With the report’s 30th anniversary edition this year, HDI ranks all countries in the world by the level of human development.

The report also argues that as people and planet enter the Anthropocene, it is time for all countries to redesign their paths to progress by fully accounting for the dangerous pressures humans put on the planet, and dismantle the gross imbalances of power and opportunity that prevent change.

Meanwhile, thanking UNDP, Chidrel Lyonpo (Foreign Minister) Dr Tandi Dorji, said this year’s theme resonates strongly with Bhutan’s developmental philosophy of Gross National Happiness. “Guided by our successive visionary monarchs, Bhutan continues to accord high importance to the health of our natural ecosystem.
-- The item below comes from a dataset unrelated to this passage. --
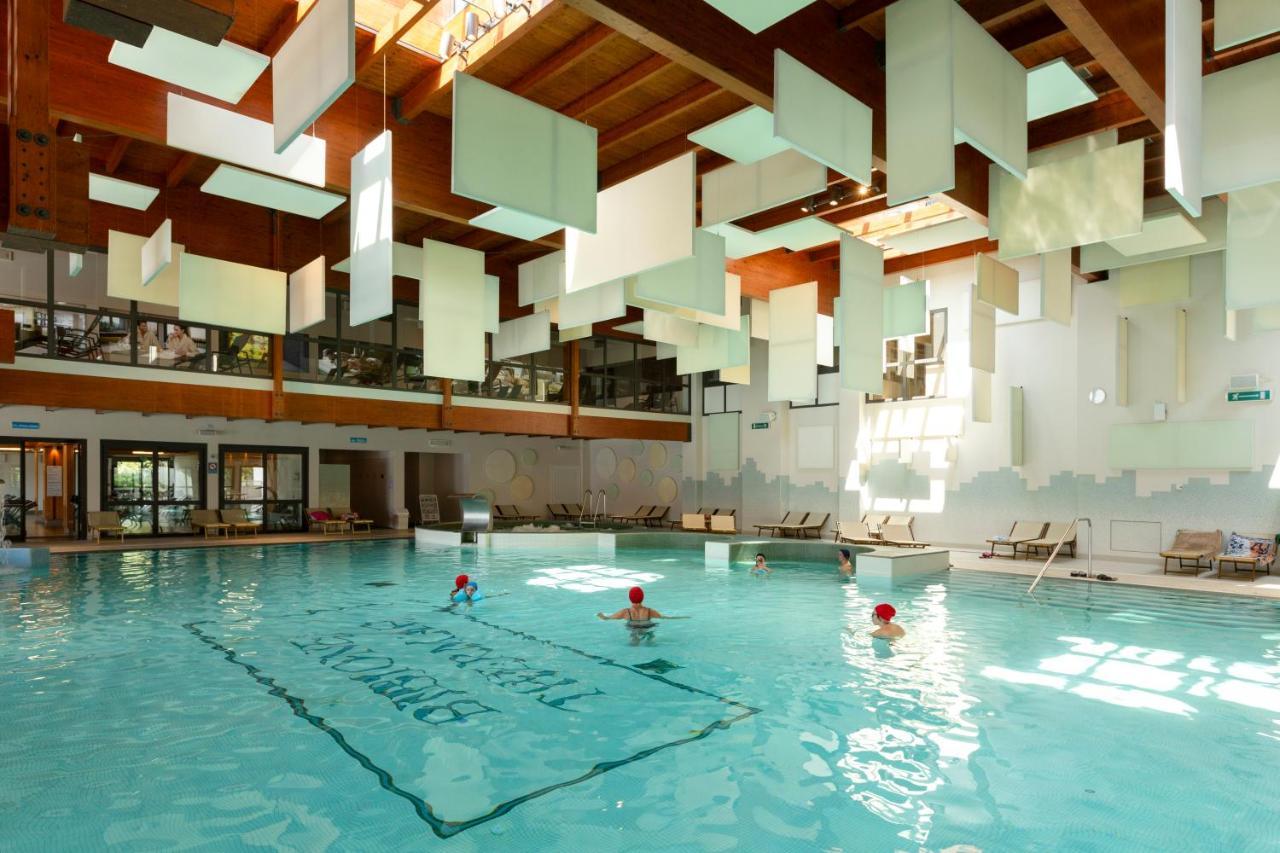 Savoy Beach Hotel & Thermal Spa Μπιμπιόνε Εξωτερικό φωτογραφία The swimming pool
Our rich and pristine environment stands testimony to that.”

He said that he had no inhibitions in saying that Bhutan long chose a human development path that is in balance with the planet, one that the HDR 2020 advocates for in moving forward.

The report has identified three crucial building blocks to create real, lasting change: working with nature through nature-based solutions, improving incentives, and changing social norms, which Lyonpo said that Bhutan had been striving to achieve over the years.

The report recognises Bhutan’s Gross National Happiness work as a well-known project for measuring wellbeing of societies from the Global South.

The virtual launch was followed by a panel discussion, themed, “Navigating the Anthropocene: Bhutanese Voices,” in which the members discussed ways forward on how Bhutan can contribute to navigate the Anthropocene or the Age of Humans, in which human activity is shaping the planet than the planet shapes human activity.